What's most remarkable to me — four decades later — is how few remarks are being made about the upheavals. Even in Newark and Detroit, residents and civic leaders have been divided over how the tragic events should be commemorated or whether they even deserve to be acknowledged.


I attribute this reluctance to an admirable American quality: We are a forward-looking people. Like reluctant alumni at a class reunion, we are nervous about dredging up bad memories.


Besides, there is the lingering fear in many minds that if we talk about riots, they might start up again. In fact, we should try to learn from past mistakes before we make new ones.


No one was more perplexed by the uprisings, historians say, than President Lyndon B. Johnson, who gambled considerable political capital to pass the Civil Rights Act of 1964 and the Voting Rights Act of 1965. He even suspected, with the encouragement of FBI Director J. Edgar Hoover, that the uprisings were a possible Soviet plot.


He named a commission in 1967, headed by former Illinois Gov. Otto Kerner, to find the roots of the uprisings. After hundreds of interviews, the commission blamed reasons closer to home than Russia: Racial discrimination had cut African-Americans out of the United States' social, political and economic mainstream.


With that in mind, it is instructive to compare the way we were then with the way we are now:


Then: The Kerner Commission said we were "two societies," separate, unequal and increasingly angry, fearful, resentful and suspicious of each other.


Now: The economic gap between the rich and the poor in black America is wider than the one between blacks and whites. Then: We saw "white flight" to the suburbs.


Now: We see black-middle-class flight to suburbs and mostly white "re-gentrification" of revived "hip" inner-city neighborhoods.


Then: Jobs moved to the suburbs.


Now: Jobs are moving overseas.


Then: There were almost no blacks in local governments, except for the janitors.


Now: Dozens of black mayors and lots of immigrant janitors, as many native-born Americans pass over entry-level jobs.


Then: King and Johnson led a "war on poverty."


Now: We see politicians of both parties offering various versions of a new war on poverty.


Then: King competed with the "black power" movement.


Now: Entertainer Bill Cosby's argument for improved black behavior competes with the post-industrialists who blame structural changes in the economy.


In fact, both sides are right.
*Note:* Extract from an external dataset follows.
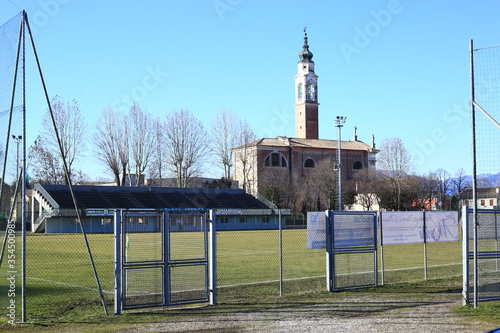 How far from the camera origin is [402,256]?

The economy has changed, but too many black Americans have failed or have been unable to take advantage of opportunities that the civil rights movement opened up.


The past teaches us that government can help open up opportunities for the poor to receive jobs, education and training.


But we also need to find ways at the local level to calm the quiet riots of crime and poverty that still keep us awake at night, nervous about the past and fearful of the future.


After all, as Whitney Young, a great black leader of the 1960s put it, we may have come here on different ships, but we're in the same boat now.